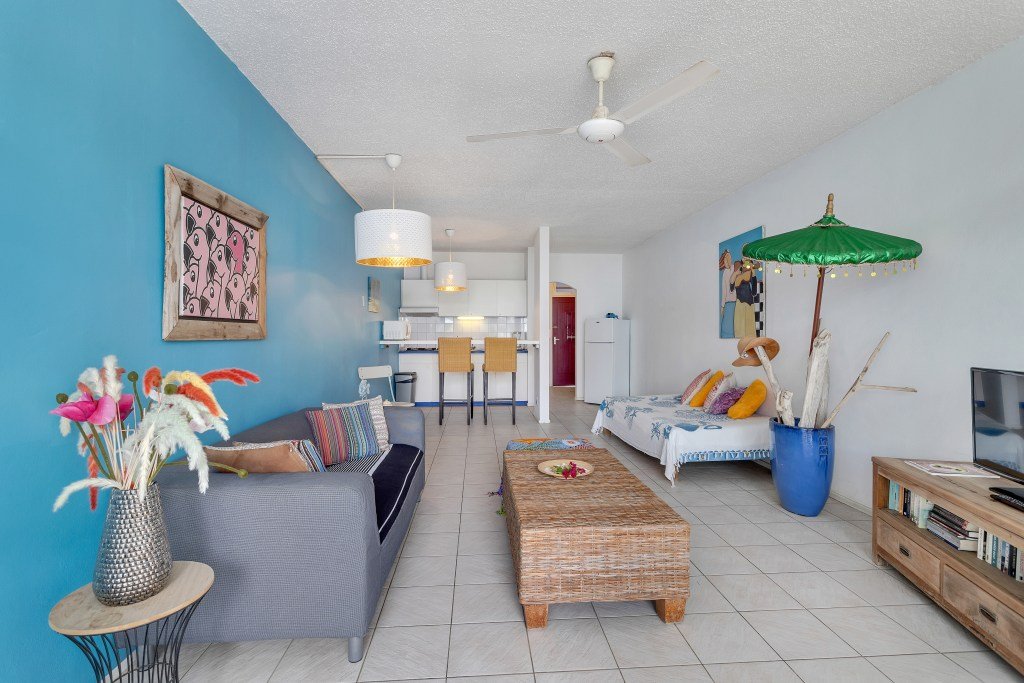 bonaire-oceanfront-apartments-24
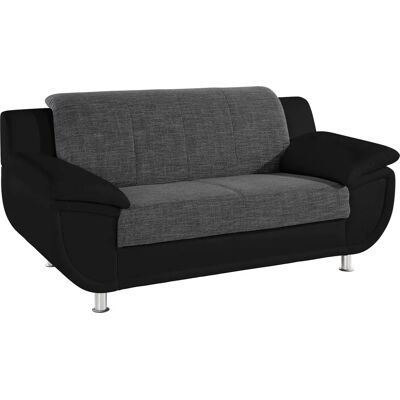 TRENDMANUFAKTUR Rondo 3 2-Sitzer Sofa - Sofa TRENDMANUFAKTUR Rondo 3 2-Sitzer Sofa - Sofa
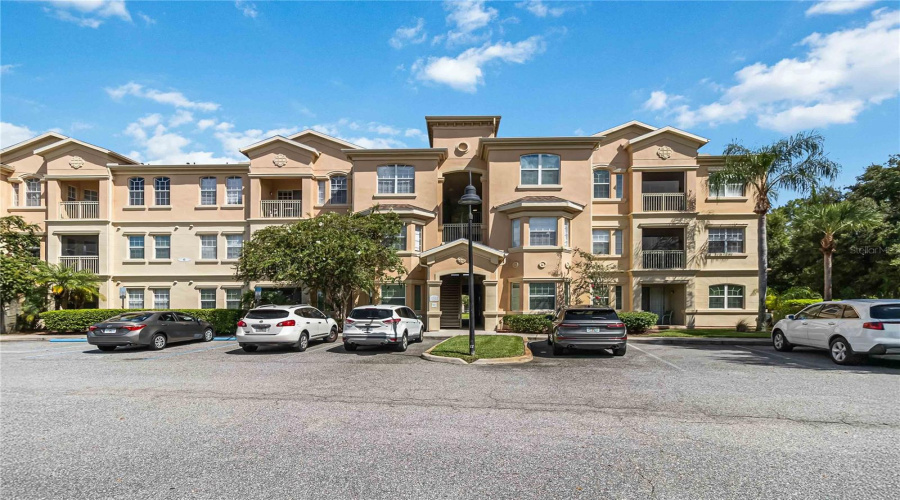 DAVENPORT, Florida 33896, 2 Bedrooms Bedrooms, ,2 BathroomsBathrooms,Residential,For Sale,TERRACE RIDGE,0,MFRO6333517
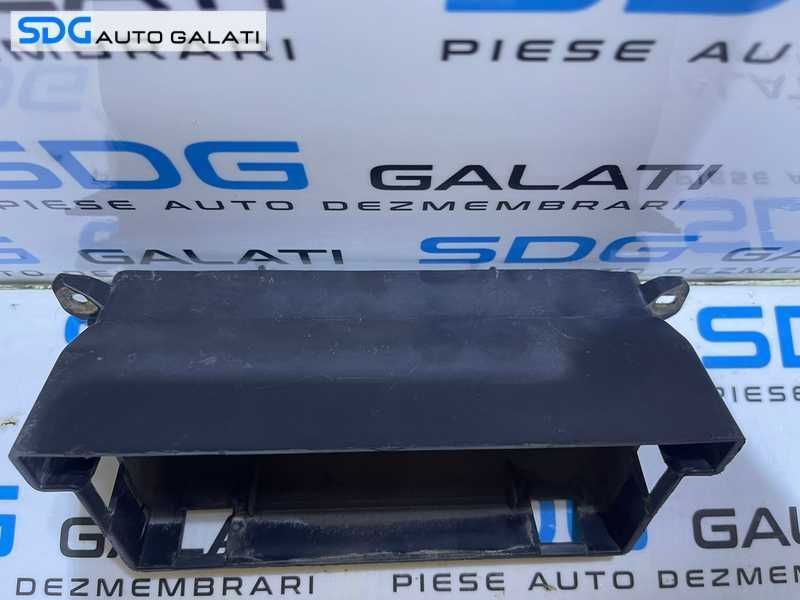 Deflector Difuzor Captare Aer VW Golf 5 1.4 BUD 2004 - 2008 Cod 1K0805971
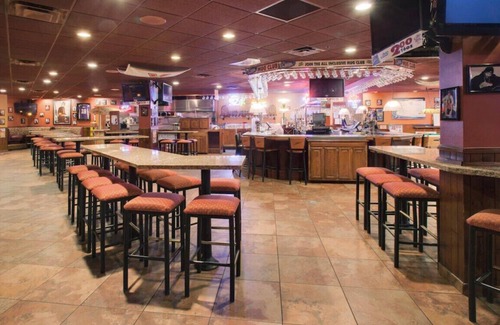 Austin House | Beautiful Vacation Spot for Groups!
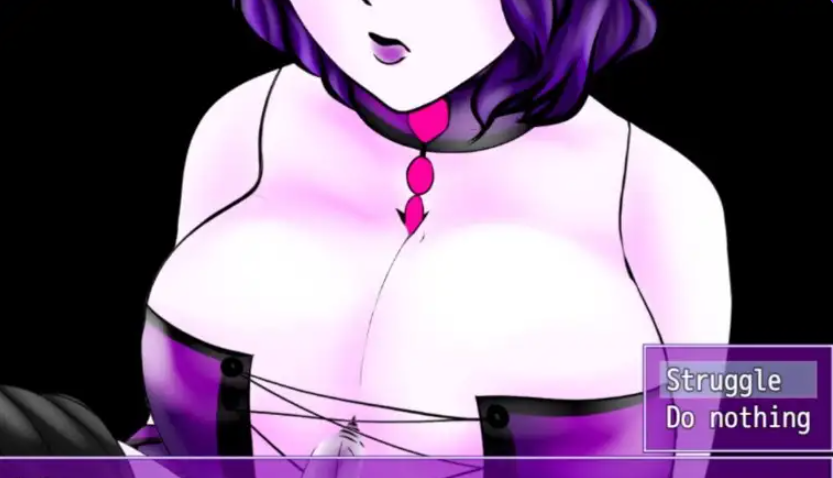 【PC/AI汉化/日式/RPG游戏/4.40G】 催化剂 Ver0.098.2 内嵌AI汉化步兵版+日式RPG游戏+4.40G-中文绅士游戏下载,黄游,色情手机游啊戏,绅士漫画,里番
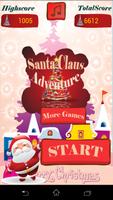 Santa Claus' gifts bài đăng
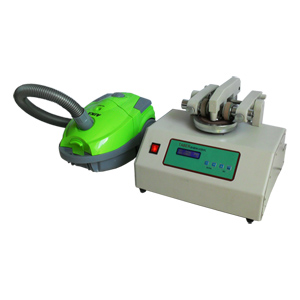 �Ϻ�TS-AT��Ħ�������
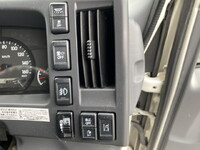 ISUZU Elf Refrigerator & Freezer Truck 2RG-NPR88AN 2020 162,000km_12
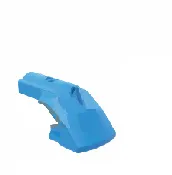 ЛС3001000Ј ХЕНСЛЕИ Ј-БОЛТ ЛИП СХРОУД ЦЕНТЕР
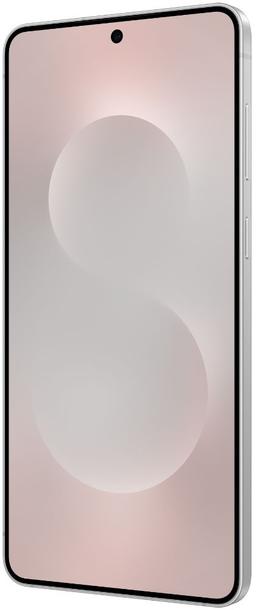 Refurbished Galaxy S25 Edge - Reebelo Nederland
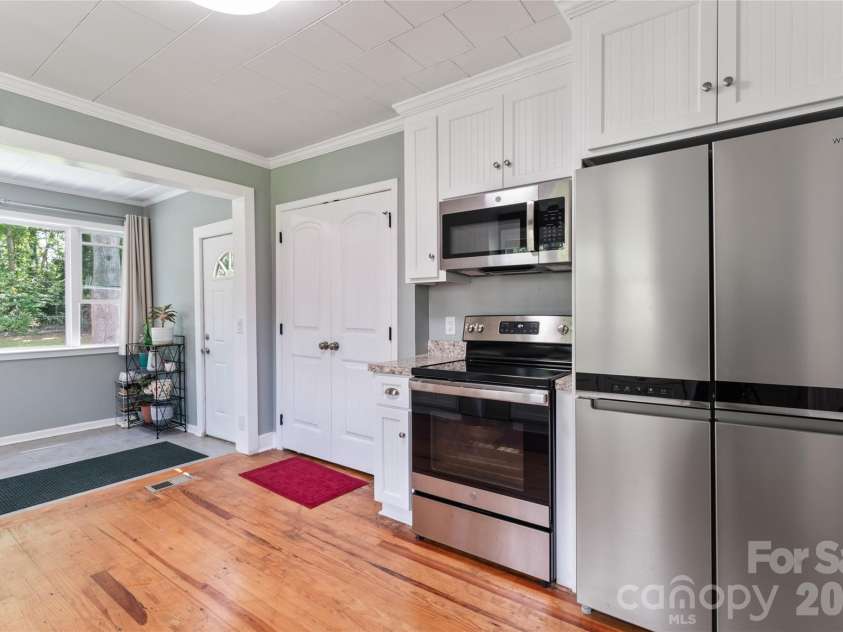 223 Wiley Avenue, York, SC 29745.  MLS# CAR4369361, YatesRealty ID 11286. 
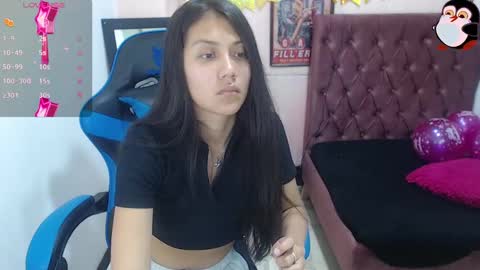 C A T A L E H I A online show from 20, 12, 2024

# TASK DETAILS
Write out again, word for word, only the lines from the one with "Refurbished Galaxy S25" through the last line of the material, and omit each picture.

# TASK RESPONSE
 Refurbished Galaxy S25 Edge - Reebelo Nederland
 223 Wiley Avenue, York, SC 29745.  MLS# CAR4369361, YatesRealty ID 11286. 
 C A T A L E H I A online show from 20, 12, 2024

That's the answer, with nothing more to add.